Task prompt :: Below are lines of data; restate word for word those running from the line containing "Setophaga pitiayumi graysoni" to the line containing "Nationals Senate leader", inclusive, and no others.

----- Extracted entries -----

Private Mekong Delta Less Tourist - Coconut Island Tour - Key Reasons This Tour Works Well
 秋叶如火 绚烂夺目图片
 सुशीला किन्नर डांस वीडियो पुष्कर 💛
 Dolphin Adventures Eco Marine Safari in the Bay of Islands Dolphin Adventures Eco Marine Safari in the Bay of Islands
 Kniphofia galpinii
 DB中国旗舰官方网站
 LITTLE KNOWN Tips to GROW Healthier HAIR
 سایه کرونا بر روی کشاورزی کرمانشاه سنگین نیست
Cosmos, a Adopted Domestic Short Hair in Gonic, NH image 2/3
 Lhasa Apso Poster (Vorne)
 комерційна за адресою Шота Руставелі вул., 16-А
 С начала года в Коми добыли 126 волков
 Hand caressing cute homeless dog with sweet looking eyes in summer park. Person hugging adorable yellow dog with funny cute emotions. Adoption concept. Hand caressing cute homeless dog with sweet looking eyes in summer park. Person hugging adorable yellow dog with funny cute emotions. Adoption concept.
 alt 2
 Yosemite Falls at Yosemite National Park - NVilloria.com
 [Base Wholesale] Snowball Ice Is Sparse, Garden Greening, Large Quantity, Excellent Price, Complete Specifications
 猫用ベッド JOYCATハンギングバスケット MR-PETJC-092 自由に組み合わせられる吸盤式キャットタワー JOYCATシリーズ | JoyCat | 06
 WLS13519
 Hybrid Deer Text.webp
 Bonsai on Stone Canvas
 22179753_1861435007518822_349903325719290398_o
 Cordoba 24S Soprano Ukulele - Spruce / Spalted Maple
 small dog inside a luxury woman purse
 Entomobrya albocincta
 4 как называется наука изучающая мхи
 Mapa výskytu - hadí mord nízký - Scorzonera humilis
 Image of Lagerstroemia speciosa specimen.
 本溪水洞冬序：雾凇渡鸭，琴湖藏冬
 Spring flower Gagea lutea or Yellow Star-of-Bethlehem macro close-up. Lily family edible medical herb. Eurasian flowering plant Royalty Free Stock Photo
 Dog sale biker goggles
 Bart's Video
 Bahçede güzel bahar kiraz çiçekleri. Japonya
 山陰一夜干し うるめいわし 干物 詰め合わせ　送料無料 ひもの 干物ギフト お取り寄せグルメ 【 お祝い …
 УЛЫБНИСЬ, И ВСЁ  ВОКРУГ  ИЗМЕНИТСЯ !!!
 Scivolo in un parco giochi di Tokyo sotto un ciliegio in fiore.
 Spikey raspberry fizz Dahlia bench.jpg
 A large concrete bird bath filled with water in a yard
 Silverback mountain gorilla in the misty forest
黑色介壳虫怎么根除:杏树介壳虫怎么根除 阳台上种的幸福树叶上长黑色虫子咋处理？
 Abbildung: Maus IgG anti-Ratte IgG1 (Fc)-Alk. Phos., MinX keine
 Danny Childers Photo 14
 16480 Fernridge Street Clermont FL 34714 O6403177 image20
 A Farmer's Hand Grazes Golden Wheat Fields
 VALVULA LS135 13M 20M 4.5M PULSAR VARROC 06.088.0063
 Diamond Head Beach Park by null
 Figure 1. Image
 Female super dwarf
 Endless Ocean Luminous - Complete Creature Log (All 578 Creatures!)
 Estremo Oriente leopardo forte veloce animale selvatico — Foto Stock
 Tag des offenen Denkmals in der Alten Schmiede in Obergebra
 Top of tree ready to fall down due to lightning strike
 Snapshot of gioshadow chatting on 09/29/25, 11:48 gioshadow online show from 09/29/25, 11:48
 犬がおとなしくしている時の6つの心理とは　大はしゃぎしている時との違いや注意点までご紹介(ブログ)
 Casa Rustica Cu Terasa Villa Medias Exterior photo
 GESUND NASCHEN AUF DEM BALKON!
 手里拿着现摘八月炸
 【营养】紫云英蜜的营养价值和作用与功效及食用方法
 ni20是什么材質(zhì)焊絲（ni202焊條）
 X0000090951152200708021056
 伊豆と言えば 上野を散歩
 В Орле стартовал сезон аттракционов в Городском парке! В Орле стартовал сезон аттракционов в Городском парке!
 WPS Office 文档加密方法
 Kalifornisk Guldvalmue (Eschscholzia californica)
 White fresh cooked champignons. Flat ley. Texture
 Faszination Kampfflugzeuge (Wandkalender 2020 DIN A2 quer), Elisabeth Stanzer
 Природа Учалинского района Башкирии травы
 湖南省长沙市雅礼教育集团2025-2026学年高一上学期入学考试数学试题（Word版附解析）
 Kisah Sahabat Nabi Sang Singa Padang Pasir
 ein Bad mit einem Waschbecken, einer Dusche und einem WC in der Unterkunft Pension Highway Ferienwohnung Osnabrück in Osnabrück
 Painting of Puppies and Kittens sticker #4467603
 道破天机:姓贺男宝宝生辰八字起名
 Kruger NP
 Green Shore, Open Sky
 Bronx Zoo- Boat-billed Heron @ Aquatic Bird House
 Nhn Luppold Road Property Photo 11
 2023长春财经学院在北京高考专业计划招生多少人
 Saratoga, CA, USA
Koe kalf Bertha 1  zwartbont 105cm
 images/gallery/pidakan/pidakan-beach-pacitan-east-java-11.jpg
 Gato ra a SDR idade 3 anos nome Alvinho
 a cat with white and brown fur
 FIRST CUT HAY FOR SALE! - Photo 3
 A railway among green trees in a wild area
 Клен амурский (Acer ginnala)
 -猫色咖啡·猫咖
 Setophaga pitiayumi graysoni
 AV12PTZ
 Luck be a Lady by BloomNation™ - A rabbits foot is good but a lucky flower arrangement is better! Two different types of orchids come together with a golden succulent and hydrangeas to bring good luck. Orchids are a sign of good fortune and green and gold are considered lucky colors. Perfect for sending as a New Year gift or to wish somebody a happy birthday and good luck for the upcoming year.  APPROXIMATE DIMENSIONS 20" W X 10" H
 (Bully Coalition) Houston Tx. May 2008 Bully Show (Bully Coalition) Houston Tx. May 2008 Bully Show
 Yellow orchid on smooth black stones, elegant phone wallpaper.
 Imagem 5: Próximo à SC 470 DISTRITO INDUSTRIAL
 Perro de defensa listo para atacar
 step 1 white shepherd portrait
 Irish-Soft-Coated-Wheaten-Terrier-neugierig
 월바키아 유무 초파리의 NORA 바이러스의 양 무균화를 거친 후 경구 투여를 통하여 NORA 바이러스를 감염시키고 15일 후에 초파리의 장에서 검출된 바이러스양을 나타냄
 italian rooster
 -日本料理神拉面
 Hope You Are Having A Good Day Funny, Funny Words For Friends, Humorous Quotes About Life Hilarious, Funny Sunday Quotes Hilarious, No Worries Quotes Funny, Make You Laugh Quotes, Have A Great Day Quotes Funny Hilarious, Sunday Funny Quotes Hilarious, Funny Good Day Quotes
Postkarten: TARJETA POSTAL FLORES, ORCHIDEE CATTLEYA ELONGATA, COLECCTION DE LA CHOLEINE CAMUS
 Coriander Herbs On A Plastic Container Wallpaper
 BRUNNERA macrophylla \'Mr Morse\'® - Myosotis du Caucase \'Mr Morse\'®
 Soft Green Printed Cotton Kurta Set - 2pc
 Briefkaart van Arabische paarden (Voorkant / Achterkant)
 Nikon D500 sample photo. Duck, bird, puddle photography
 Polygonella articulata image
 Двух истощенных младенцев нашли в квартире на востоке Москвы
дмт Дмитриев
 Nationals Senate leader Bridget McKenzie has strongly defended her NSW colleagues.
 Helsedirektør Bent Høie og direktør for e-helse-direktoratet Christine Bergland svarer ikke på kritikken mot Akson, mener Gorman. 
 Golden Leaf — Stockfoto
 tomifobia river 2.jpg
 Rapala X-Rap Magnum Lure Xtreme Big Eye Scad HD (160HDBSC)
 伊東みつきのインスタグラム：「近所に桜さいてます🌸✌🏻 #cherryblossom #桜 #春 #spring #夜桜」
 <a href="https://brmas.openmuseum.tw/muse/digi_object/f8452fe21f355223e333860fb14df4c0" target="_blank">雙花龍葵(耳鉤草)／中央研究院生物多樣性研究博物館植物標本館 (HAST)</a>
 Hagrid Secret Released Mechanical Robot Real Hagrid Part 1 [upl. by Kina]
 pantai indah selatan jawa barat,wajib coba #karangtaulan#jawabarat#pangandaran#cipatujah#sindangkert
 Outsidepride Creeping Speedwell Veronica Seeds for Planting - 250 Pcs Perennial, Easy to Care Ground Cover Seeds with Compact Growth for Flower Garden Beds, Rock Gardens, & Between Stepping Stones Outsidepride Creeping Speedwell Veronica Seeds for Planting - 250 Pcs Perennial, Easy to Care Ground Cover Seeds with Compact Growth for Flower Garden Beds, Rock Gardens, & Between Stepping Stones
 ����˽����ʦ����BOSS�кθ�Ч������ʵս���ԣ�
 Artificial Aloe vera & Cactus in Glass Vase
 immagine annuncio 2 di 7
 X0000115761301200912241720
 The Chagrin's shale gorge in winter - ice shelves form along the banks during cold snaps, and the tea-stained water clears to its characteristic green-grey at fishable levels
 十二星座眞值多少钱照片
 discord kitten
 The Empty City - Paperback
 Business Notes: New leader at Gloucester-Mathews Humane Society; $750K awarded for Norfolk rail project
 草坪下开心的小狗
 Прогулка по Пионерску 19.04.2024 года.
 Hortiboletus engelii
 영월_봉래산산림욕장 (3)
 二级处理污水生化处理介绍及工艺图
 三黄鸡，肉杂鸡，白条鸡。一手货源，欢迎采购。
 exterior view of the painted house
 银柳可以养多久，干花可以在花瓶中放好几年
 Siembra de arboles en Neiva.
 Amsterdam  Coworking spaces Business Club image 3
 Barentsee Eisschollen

-----

Your response ::
 Setophaga pitiayumi graysoni
 AV12PTZ
 Luck be a Lady by BloomNation™ - A rabbits foot is good but a lucky flower arrangement is better! Two different types of orchids come together with a golden succulent and hydrangeas to bring good luck. Orchids are a sign of good fortune and green and gold are considered lucky colors. Perfect for sending as a New Year gift or to wish somebody a happy birthday and good luck for the upcoming year.  APPROXIMATE DIMENSIONS 20" W X 10" H
 (Bully Coalition) Houston Tx. May 2008 Bully Show (Bully Coalition) Houston Tx. May 2008 Bully Show
 Yellow orchid on smooth black stones, elegant phone wallpaper.
 Imagem 5: Próximo à SC 470 DISTRITO INDUSTRIAL
 Perro de defensa listo para atacar
 step 1 white shepherd portrait
 Irish-Soft-Coated-Wheaten-Terrier-neugierig
 월바키아 유무 초파리의 NORA 바이러스의 양 무균화를 거친 후 경구 투여를 통하여 NORA 바이러스를 감염시키고 15일 후에 초파리의 장에서 검출된 바이러스양을 나타냄
 italian rooster
 -日本料理神拉面
 Hope You Are Having A Good Day Funny, Funny Words For Friends, Humorous Quotes About Life Hilarious, Funny Sunday Quotes Hilarious, No Worries Quotes Funny, Make You Laugh Quotes, Have A Great Day Quotes Funny Hilarious, Sunday Funny Quotes Hilarious, Funny Good Day Quotes
Postkarten: TARJETA POSTAL FLORES, ORCHIDEE CATTLEYA ELONGATA, COLECCTION DE LA CHOLEINE CAMUS
 Coriander Herbs On A Plastic Container Wallpaper
 BRUNNERA macrophylla \'Mr Morse\'® - Myosotis du Caucase \'Mr Morse\'®
 Soft Green Printed Cotton Kurta Set - 2pc
 Briefkaart van Arabische paarden (Voorkant / Achterkant)
 Nikon D500 sample photo. Duck, bird, puddle photography
 Polygonella articulata image
 Двух истощенных младенцев нашли в квартире на востоке Москвы
дмт Дмитриев
 Nationals Senate leader Bridget McKenzie has strongly defended her NSW colleagues.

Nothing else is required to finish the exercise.